Expresiones populares
Carteles con leyendas contra Cuauhtémoc Cárdenas, a quien insistían en tachar de "traidor al pueblo" y muchísimos más que unían los apellidos López y Obrador a la palabra presidente, flotaban sobre la marea de las cabezas humanas bañadas por la luz de los reflectores que emanaba del templete, cuando Eugenia León se colocó en el proscenio y comenzó un recital de canciones populares que estrofa por estrofa el gentío le coreó, fortaleciendo la sensación de que ésa era la fiesta de los vencedores, no de la supuesta minoría que fue avasallada por una fuerza política más grande y poderosa que once semanas después del 2 de julio todavía no ha tenido, en ninguna parte del país, no digamos una noche sino tampoco siquiera una hora como ésta en que la maravillosa vocalista veracruzana volvió a conseguir que su cuerpo sonara intensamente como un instrumento nacido y cultivado a lo largo de épocas para cantar.
Regina Orozco, vestida de china poblana, sustituyó a Eugenia acompañada de un mariachi para aventarse una ranchera, pero una vez que ésta llegó a su término, Jesusa Rodríguez intervino para recobrar el micrófono y advertirle a la muchedumbre que la ceremonia del Grito estaba por comenzar.

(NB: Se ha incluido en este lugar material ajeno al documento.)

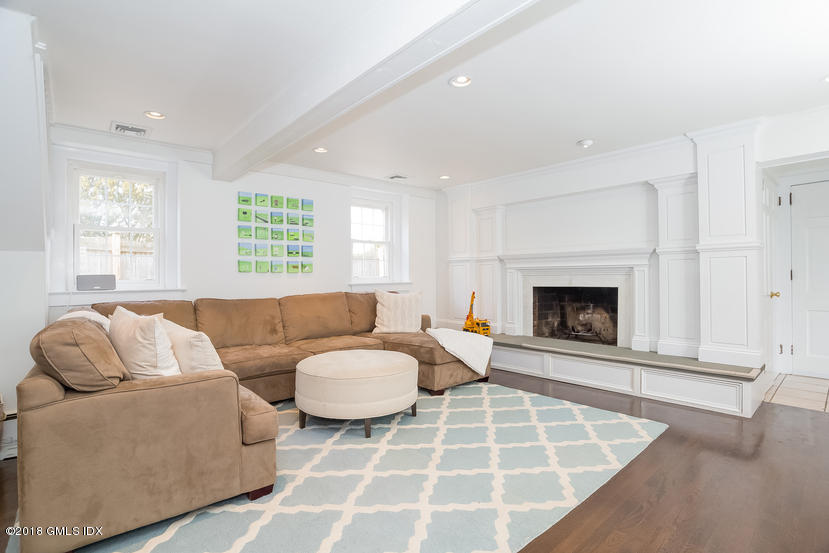 18 Spring Street Riverside, CT 06878 - Photo 15 of 35 020-Family_Room-5275968-small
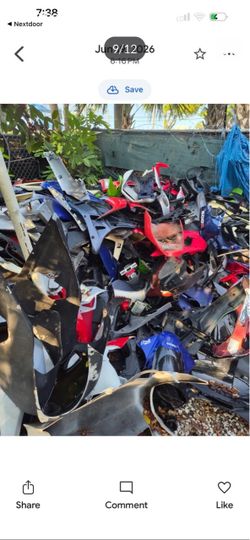 2001 to 2003 GSXR 600 750 also 2001 through 2002 GSXR 1000 parts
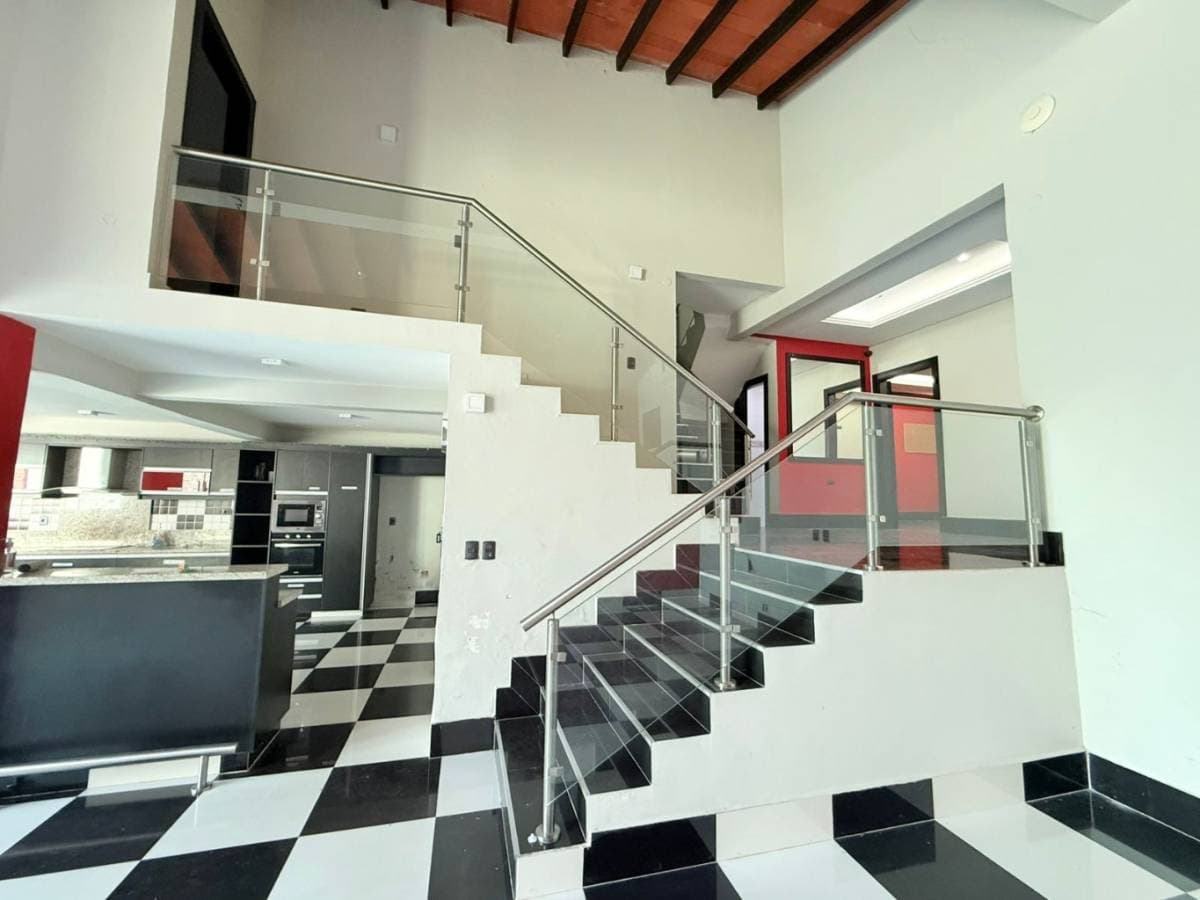 ALQUILER DE AMPLIA RESIDENCIA DE 4 HAB. EN SUITE – 3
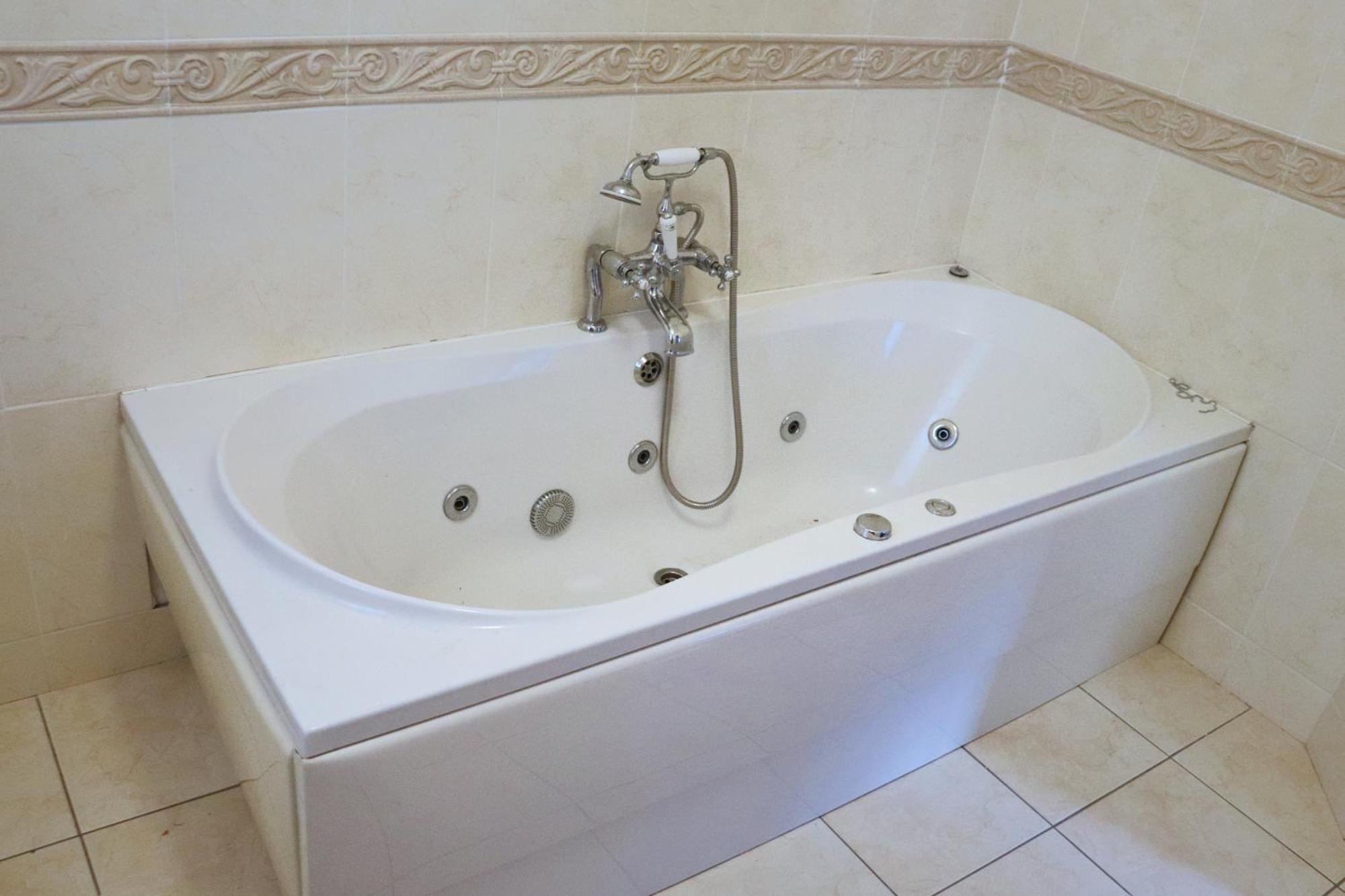 Deluxe Dwelling - 15 Mins From Cork City/Airport Διαμέρισμα Εξωτερικό φωτογραφία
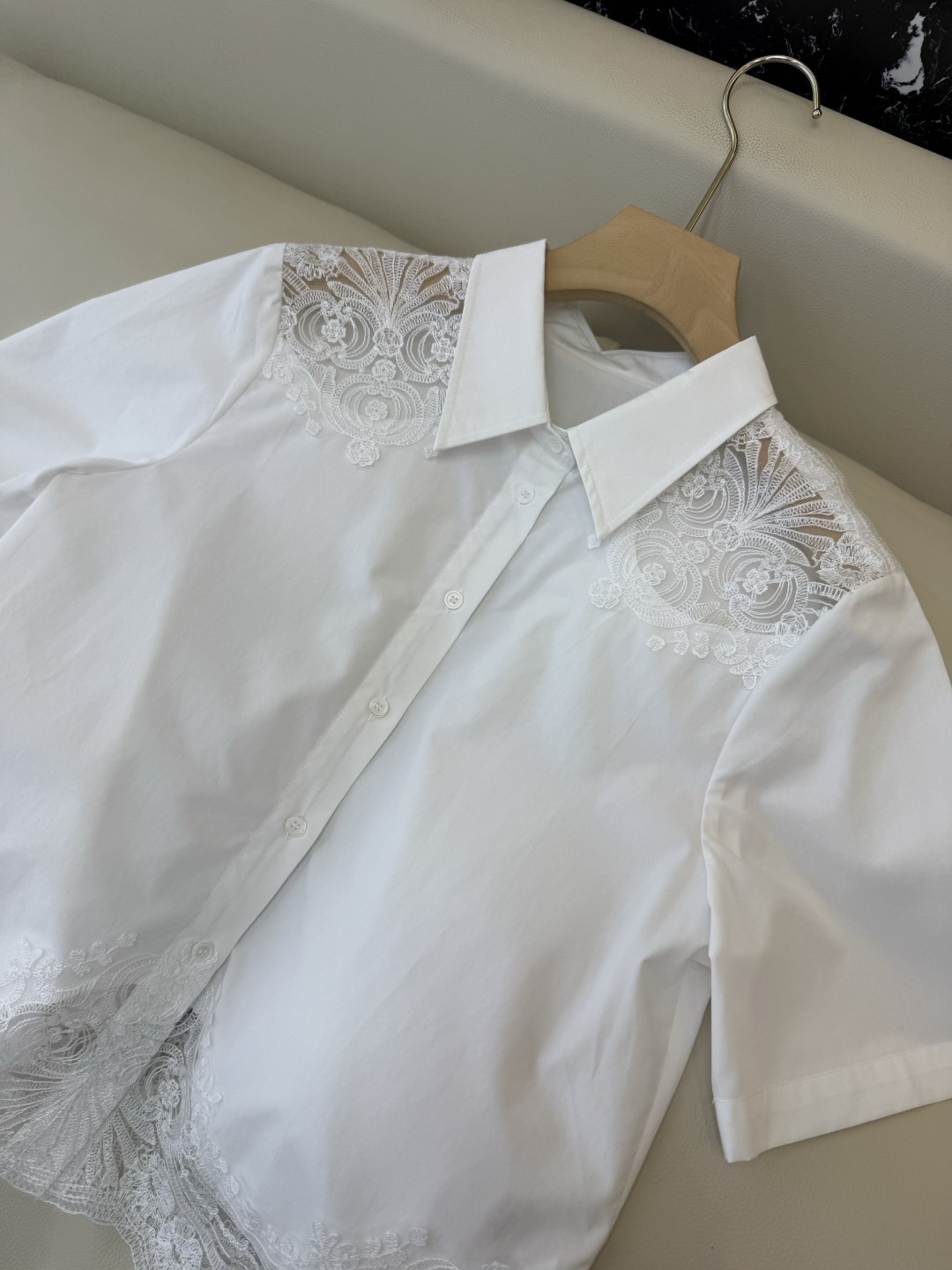 CY0119#新款衬衫。ES 蕾丝镂空绣花 短袖衬衫 条纹蓝色 白色SM L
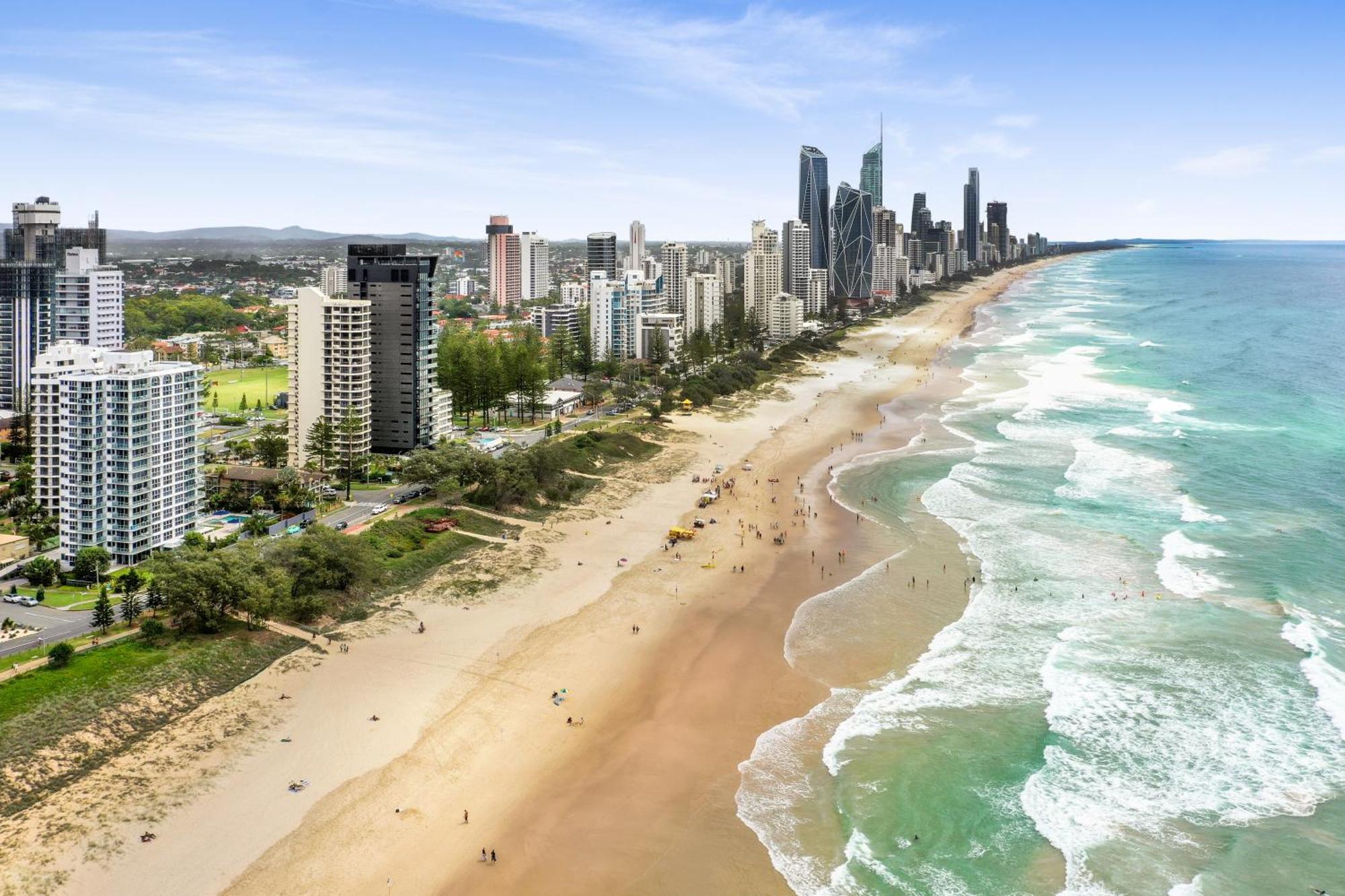Boulevard Towers On Broadbeach Гоулд Коуст Екстериор снимка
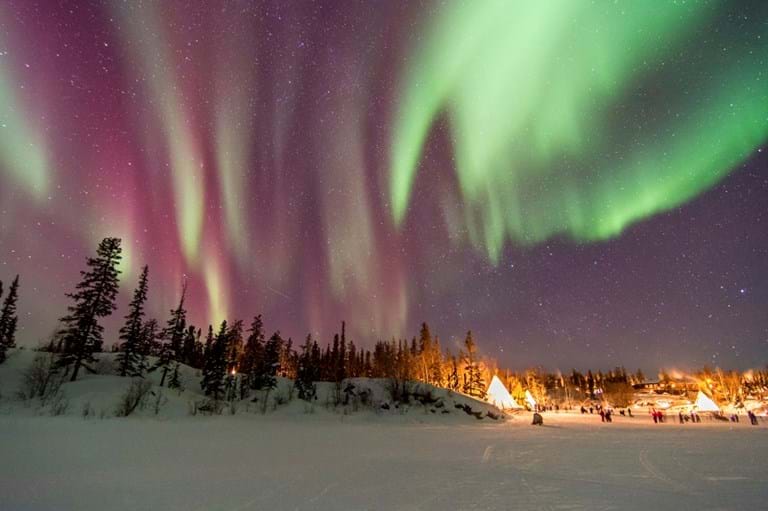 McNally Travel | Aurora over Yellowknife | Things to do in Northwest Territores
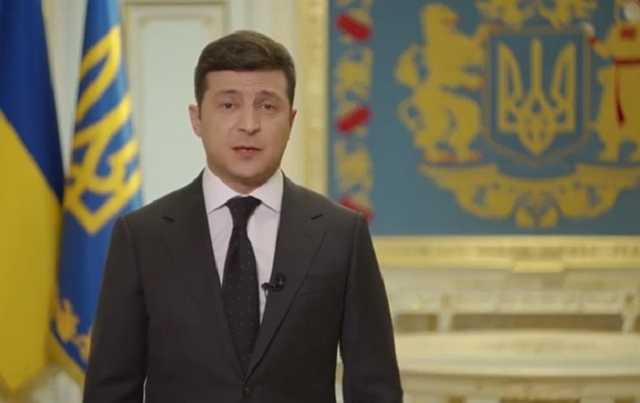 Зеленский сравнил коронавирус с радиацией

Fue entonces cuando en el antiguo Palacio del Ayuntamiento Abascal Carranza apareció en el balcón de Encinas para recibir el inmediato abucheo de la gente, y para su fortuna, cuando el jefe de Gobierno de la ciudad terminó de gritar los vivas a los héroes de la Independencia, al prócer de la Reforma y a la soberanía popular, toda la plaza volteó al cielo en espera de los fuegos de artificio, pero éstos, como si al cohetero se le hubieran perdido los cerillos, tardaron cinco larguísimos minutos en iniciar su espectáculo, una tardanza que fue ampliamente recompensada por el estallido de miles de luces de colores que una y otra vez ascendieron al cielo describiendo tercamente la "V" de la victoria.
A decir verdad, mientras de Guanajuato llegaban reportes de que Fox había dado su Grito de prisa y debajo de un señor chubasco, la fiesta del Zócalo no parecía de ningún modo la de los vencidos, sino al contrario. Cosas de la vida que, bien decía Juan Rulfo, nunca ha sido muy seria en sus cosas.